By Dana Rebick
January 24, 2013 / q13fox.com
SEATTLE — It’s a hard number to fathom: 74 child fatalities in our state last year. Many were the victims of abuse and neglect.
“It makes me sick to my stomach because behind each and every one of those cases where the Department of Social and Health Services (DSHS) dropped the ball is a child,” said attorney Julie Kays.
Kays represents victims of child abuse, and isn’t surprised of the findings in a report released by the Washington state Office of the Family and Children’s Ombudsman. One of the key findings is that Child Protective Services takes too long to complete investigations.The report shows that in 2011-2012, 26% of all cases weren’t closed within 90 days, as required by state law, and another 10% are open for a year or longer.
“If any one of us decided they could pass (on) a 90-day deadline required by their boss, they’d get fired,” said Kays. “No one is being held accountable and the people who suffer in the process are those little kids, and that’s a disgrace.”
The report also found a number of abuse investigations that are completed on time were not thorough enough despite clear warning signs.
In one case, a state worker who transported an 8-month-old to and from parental visits saw bruising on the baby’s ears and reported it to the social worker and supervisor handling the case. Neither one made a report to CPS.
Other kids were allowed to stay in homes where there was no food, allegations of sexual abuse, drug use and ongoing reports of physical abuse.
“These victims want to know how DSHS could have blown investigations so badly. These are botched investigations that have answers, and you can find the answers if you look at the records of the caseworkers. Why did they ignore warnings? Why did they not perform competent child abuse investigations?” asked attorney David Moody.
Attorneys who represent victims say the fight needs to move from the courtroom to the state capitol.

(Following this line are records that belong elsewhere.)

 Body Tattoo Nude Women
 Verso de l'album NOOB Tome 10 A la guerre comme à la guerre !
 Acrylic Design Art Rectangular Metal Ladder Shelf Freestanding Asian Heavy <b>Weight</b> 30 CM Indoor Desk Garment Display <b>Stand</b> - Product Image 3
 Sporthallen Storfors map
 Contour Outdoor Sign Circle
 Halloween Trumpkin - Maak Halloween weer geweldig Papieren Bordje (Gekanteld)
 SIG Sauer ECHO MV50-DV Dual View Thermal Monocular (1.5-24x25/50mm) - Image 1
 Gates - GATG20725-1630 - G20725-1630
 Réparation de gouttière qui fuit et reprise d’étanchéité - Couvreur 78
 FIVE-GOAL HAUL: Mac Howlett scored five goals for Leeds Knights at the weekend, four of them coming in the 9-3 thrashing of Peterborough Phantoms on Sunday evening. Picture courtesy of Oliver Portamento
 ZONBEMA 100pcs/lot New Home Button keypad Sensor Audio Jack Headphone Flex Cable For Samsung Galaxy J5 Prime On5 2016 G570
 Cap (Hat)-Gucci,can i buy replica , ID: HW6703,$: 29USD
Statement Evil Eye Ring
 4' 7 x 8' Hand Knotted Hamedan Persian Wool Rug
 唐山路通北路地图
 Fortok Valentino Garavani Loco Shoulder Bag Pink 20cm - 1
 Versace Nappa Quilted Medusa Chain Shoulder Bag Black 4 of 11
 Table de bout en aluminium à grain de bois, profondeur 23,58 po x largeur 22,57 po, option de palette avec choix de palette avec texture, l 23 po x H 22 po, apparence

“Perhaps the new governor will open his eyes and take a fresh look at this and bring about some real change that’s desperately needed to help those vulnerable kids,” said Kays.
State Ombudsman Mary Meinig made several recommendations for improvements, including making monthly child welfare visits to homes where cases are open longer than 45 days. She also requested that caseworkers give quarterly reports on the status of investigations.
The assistant secretary of Children’s Administration in DSHS sent this statement:
“The Children’s Administration works closely with the Ombudsman’s Office to be sure complaints are resolved in a timely manner and to improve outcomes for the families we serve. We share a mutual objective: the safety of children. We respect the objectivity and the work of the ombudsman and we are working with her office to address the recommendations included in the 2012 report.”
Gov. Jay Inslee and members of the state House of Representatives’ Early Learning & Human Services Committee were sent copies of the report. The state ombudsman plans to testify before the House committee in the coming weeks.